**What the task asks:**
Copy the lines below, beginning with the one that contains "Tree & Sea Madagascar Tamanu Oil 30ml" and continuing through the final line, exactly as written and with no other lines.

**Records provided:**
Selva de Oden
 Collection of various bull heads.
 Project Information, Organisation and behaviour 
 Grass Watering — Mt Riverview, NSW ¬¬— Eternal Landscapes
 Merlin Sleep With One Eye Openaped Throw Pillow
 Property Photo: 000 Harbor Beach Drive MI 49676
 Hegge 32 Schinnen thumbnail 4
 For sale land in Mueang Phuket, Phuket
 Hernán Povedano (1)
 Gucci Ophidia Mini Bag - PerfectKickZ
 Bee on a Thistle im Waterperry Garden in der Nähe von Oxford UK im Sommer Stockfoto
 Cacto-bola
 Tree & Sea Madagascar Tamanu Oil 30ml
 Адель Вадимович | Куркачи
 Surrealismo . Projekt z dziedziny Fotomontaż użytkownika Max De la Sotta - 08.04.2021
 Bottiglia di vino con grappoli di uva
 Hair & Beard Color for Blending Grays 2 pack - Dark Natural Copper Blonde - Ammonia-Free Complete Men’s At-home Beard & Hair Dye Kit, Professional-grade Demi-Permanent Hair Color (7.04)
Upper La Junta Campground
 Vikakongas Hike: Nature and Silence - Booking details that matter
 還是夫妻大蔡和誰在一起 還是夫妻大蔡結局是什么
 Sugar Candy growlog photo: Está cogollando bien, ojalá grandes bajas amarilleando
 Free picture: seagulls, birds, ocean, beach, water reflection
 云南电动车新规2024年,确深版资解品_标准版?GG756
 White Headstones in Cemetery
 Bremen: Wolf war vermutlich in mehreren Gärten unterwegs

**Solved problem:**
 Tree & Sea Madagascar Tamanu Oil 30ml
 Адель Вадимович | Куркачи
 Surrealismo . Projekt z dziedziny Fotomontaż użytkownika Max De la Sotta - 08.04.2021
 Bottiglia di vino con grappoli di uva
 Hair & Beard Color for Blending Grays 2 pack - Dark Natural Copper Blonde - Ammonia-Free Complete Men’s At-home Beard & Hair Dye Kit, Professional-grade Demi-Permanent Hair Color (7.04)
Upper La Junta Campground
 Vikakongas Hike: Nature and Silence - Booking details that matter
 還是夫妻大蔡和誰在一起 還是夫妻大蔡結局是什么
 Sugar Candy growlog photo: Está cogollando bien, ojalá grandes bajas amarilleando
 Free picture: seagulls, birds, ocean, beach, water reflection
 云南电动车新规2024年,确深版资解品_标准版?GG756
 White Headstones in Cemetery
 Bremen: Wolf war vermutlich in mehreren Gärten unterwegs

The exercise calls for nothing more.